‘I want to live my life without fear’
When you meet 37-year-old Passy Mubalama for the first time, her inner strength is striking. It’s clear that the young Congolese woman’s motivation to improve life in her homeland is boundless. Shortly after our first meeting, in late May 2021, the Mount Nyiragongo volcano erupted near Goma, a city of two million people. Passy Mubalama had to flee, along with 400,000 people living in North Kivu province. More than 30 people died in the disaster. When we finally heard from her again, she had already resumed work with Aidprofen, the non-governmental organisation she founded.
Giving up has never been an option for the human rights activist, despite all the obstacles she has faced. Mount Nyiragongo had erupted before in 2002. Her family was forced to flee then, too, and suddenly had to live in a tiny hut in a camp for internally displaced people. Along with natural disasters, Passy Mubalama’s childhood and adolescence were marked by political instability. In neighbouring Rwanda, more than 800,000 Tutsis and moderate and opposition Hutus were murdered within just a few weeks in 1994, and large numbers of people fled across the border. The situation in Goma was dramatic: ‘As children, we found it extremely upsetting to see people dying on the streets because they had nothing to eat.’ In the years that followed, her homeland remained unstable. After the dictatorial ruler Mobutu Sese Seko was ousted by the rebel leader Laurent-Désiré Kabila, there were further wars in the region, which is rich in valuable natural resources.
The fear of being shot or losing a family member became a daily worry for Passy Mubalama. She says that although the situation has now stabilised to some extent, there is still no peace. ‘Most people don’t go out after seven in the evening,’ she says; ‘they try to be home by six, in fact. There are kidnappings and murders. We hear daily reports that someone’s been killed.’
All these experiences motivated Passy Mubalama to become an activist. She couldn’t just watch without doing something. Initially, she worked as a journalist and reported on human rights violations. Then in 2011, she set up her own organisation, which empowers women and fights for a peaceful coexistence. ‘I was shocked by the high level of sexual violence in refugee camps and felt that just writing about it wasn’t enough. I had to do something. As a Congolese citizen, I saw it as my responsibility.’ This led to her setting up Aidprofen – an NGO that seeks to bring people together. In a region where violence, arbitrary governance and mistrust are everyday occurrences and there is no trust in government structures, this is no easy task. Passy Mubalama relies on a good set of contacts across religious and social groups.
Seeking talent for peace
To spread the message about peaceful coexistence, the organisation ran two talent competitions. Young people from different ethnic groups and faiths were invited to write songs, plays or poems together. ‘Our greatest success is that they stuck together all the way through,’ she says enthusiastically. Passy Mubalama also specifically approached young women and invited journalists (including women journalists) to the main presentation.

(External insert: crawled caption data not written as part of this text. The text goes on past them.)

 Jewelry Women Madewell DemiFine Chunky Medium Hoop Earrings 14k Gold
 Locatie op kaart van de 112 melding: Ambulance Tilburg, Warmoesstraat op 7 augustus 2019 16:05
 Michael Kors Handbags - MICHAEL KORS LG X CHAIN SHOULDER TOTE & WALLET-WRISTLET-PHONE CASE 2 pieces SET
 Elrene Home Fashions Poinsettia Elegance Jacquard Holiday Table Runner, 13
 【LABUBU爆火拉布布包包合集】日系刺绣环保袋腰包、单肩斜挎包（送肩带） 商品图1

After all, boosting women’s visibility in society is another of Aidprofen’s objectives: ‘They need to play a greater role in society and decision-making in the future,’ she says.

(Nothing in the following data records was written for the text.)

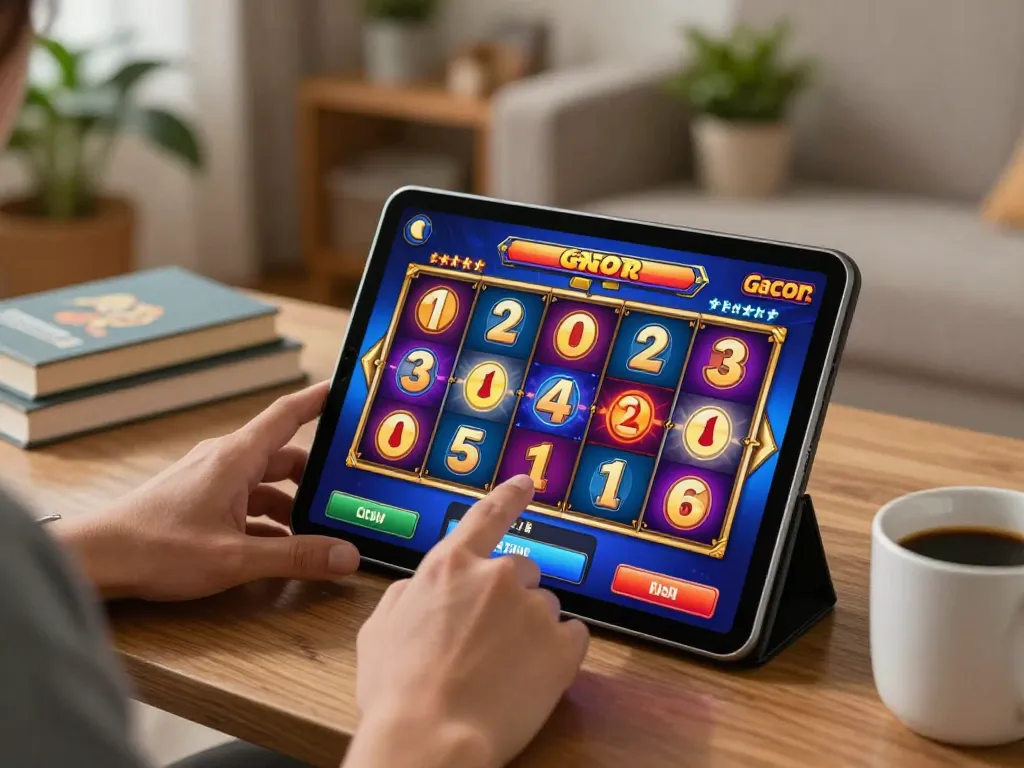 Engaging in slot gacor gaming session on a tablet at home showcasing excitement and strategy.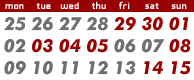 calendar - we are off on 29,30,01,03,04 and 05.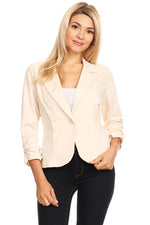 Women's Solid Color Waist Length Blazer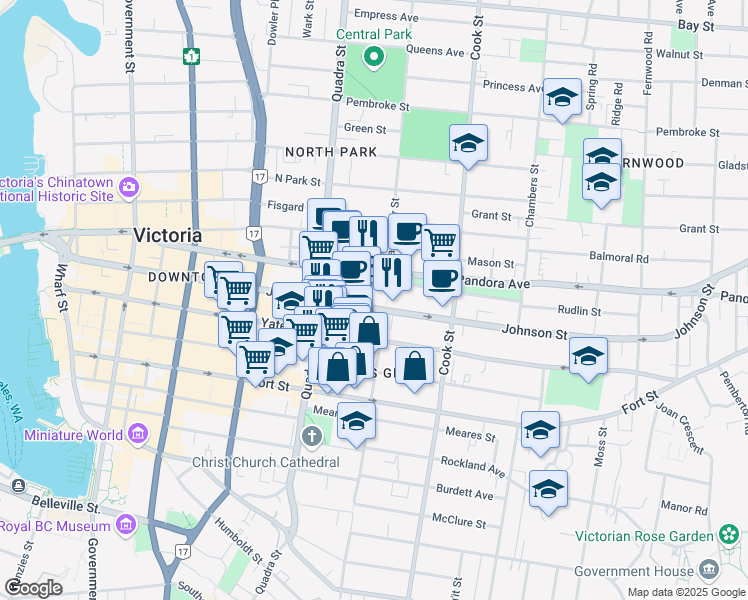 map of restaurants, bars, coffee shops, grocery stores, and more near 960 Yates Street in Victoria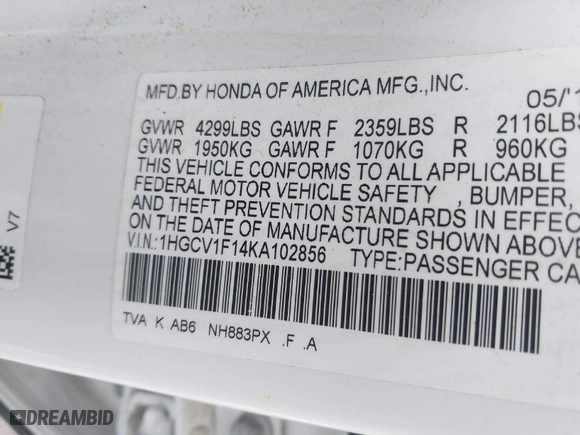 2019 Honda Accord Sedan LX 1.5T with VIN 1HGCV1F14KA102856, listed as a IAAI auction lot 41564120 with 60,356 mi miles. Bid and sale history available at carsss.com. Image 9.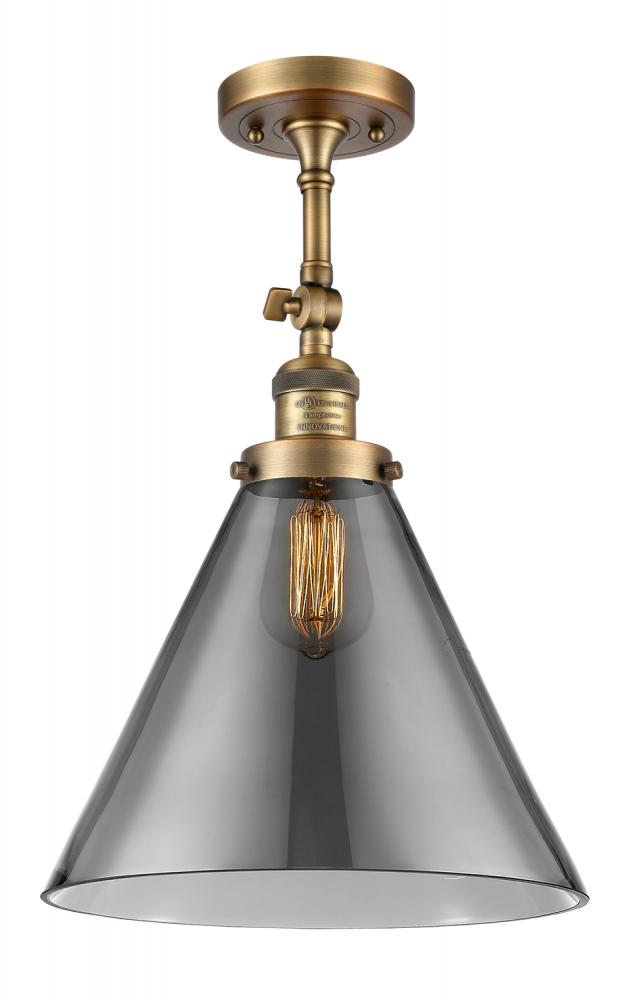 Cone - 1 Light - 12 inch - Brushed Brass - Adjustable Semi-Flush Mount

The impetus for the talent competitions came from the Interfaith Dialogue on Violent Extremism network – iDove for short. iDove was launched as a pilot project in 2017 by the African Union’s Citizens & Diaspora Directorate and GIZ on behalf of BMZ. The idea behind the network is to support people like Passy Mubalama in tackling violent extremism among young people and inspiring others to strive for a peaceful coexistence.

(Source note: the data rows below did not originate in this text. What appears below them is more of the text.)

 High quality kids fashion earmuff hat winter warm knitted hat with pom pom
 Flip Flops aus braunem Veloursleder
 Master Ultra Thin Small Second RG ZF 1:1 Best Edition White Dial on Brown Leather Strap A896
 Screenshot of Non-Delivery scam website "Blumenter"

Involved in iDove from the start
Passy Mubalama is proud to have worked with iDove from the very beginning – the first person from the Democratic Republic of Congo to do so. She found out about it four years ago on the website of the African Union (AU) and applied. Regular exchange with other activists from 61 countries is a particular source of inspiration for her. Before the COVID-19 pandemic, she took part in iDove conferences in Addis Ababa in Ethiopia and in the Senegalese capital Dakar. Since then, she and her colleagues have communicated mostly over WhatsApp and online via Zoom. But iDove supporter Mubalama remains focused. She firmly believes that extremism can be prevented. In addition to fighting poverty and inequality, ongoing dialogue is crucial to achieving this: ‘It’s the key.’
This is why she is committed to greater togetherness in her crisis-torn homeland. Aidprofen provides training for peace ambassadors working with opposing groups – another initiative inspired by the iDove network. An initial 20 young people have taken part already. Through change from the bottom up, Passy Mubalama wants to take a step closer to her biggest goal, for herself and her fellow Congolese citizens: ‘I want to live my life without fear.’